In dieser Bibliothek sind natürlich Beispiel Codeschnipsel enthalten, die ich auch nutze. Pin- Belegung liegt bei mir auf 16 und 17 für SDA, SCL. Folgenden Code habe ich bereits und "Thonny" sagt keinen Fehler:
Python:
from machine import Pin, I2C
import sh1106

# setup the I2C communication
i2c = I2C(0, sda=Pin(16), scl=Pin(17))
display = sh1106.SH1106_I2C(128, 64, i2c, Pin(2), 0x3c)

# The following part changes according to what you want to display
display.text('Hello,', 0, 0)
display.text('peppe8o.com', 0, 16)
display.text('readers!', 0, 32)

# The following line sends what to show to the display
display.show()

Desweiteren hat von euch bestimmt noch jemand einen Tip, wie ich diese beiden Module zum laufen bekommen, denn im Netz findet sich fast nichts, und wenn dann nur sehr sperrige Infos oder gar nur für Arduino/Raspberry Pi dazu:

https://www.reddit.com/r/raspberryp..._to_use_radio_433_mhz_modules_with_raspberry/
 
Guten morgen,
du hast natürlich recht. Bin davon ausgegangen das es ausserhalb gehört und im Lib Ordner nur die von Thonny installierten Pakete dahin verschoben werden. Hat natürlich funktioniert. Danke für den Anstoß. Dennoch würde mich das Funkmodul interssieren, das ich im Garten den Pico mit Messinstrumenten aufstellen möchte und innerhalb vom Netzwerk das von drinnen abrufen möchte. Die Funkmodule habe ich gekauft und liegen hier bereit, Problem dabei ist nur, das ich keinerlei infos und wenn dann nur schwammige und für mich nicht nachvollziehbare Infos dazu finde.

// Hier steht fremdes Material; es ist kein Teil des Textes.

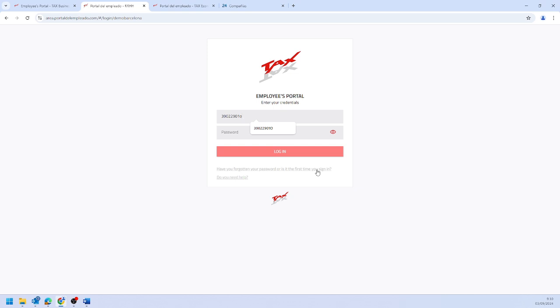Similarly, if you have forgotten your password, click on this link and you will receive the steps via email.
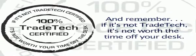And remember, if it's not Trade Tech, it's not worth the time off your desk.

Es handelt sich um diese Module: https://www.berrybase.de/433mhz-sender-empfaenger-superregeneration-modul-fs1000a-xy-fst-xy-mk-5v

Hat jemand ein paar Einsteiger infos, wie ich zB. einen Text vom Pico A zum Pico B versenden kann?
 
Guten abend,

kann mir einer sagen, was ich bei diesem Beispiel falsch verstanden habe?
Python:
from machine import Pin, I2C
import sh1106
import utime, time
import ustruct
import bme280

# BME280: I2C communication
bme=machine.I2C(0,sda=machine.Pin(16), scl=machine.Pin(17), freq=200000)

# OLED: I2C communication
oledClass = I2C(0, sda=Pin(16), scl=Pin(17))
oled = sh1106.SH1106_I2C(128, 64, oledClass, None, 0x3c)

#
# OLED
# -------
# GND R03
# VCC R05
# SDA R20
# SCL R19
#

# BME280:
while True:
    try:
        oled.fill(0)
        # Temperatursensor auslesen
        bme = bme280.BME280(i2c=bme)
        temp, pressure, humidity = bme.values[0], bme.values[1], bme.values[2]
        # OLED: Definde displaytext
        oled.text("Temp: " + str(temp), 0, 0)
        oled.text("Luftdr: " + str(pressure), 0, 12)
        oled.text("Luftf: " + str(humidity), 0, 22)
        oled.text("Zeile 1:", 0, 32)
        oled.text("Zeile 2:", 0, 42)
        oled.text("Zeile 3:", 0, 52)
        # OLED: Show displaytext
        oled.show()
        time.sleep(5)

    except KeyboardInterrupt:
        machine.reset()

Denn ich erhalte folgende Fehlermeldung beim Versuch das in der Schleife laufen zu lassen:
Traceback (most recent call last):
File "<stdin>", line 38, in <module>
File "bme280.py", line 74, in init
AttributeError: 'BME280' object has no attribute 'readfrom_mem'

Ich wäre euch dankbar enn ihr mir den entscheidenen Denkanstoß geben würdet.
 
Du überschreibst die I2C-Variable "bme" (Zeile 8) mit einer vom Typ BME280 in Zeile 28. Beim zweiten Schleifendurchlauf übergibst du dann ("i2c=bme") nicht mehr ein I2C, sondern das BME-Objekt aus dem vorherigen Schleifendurchlauf.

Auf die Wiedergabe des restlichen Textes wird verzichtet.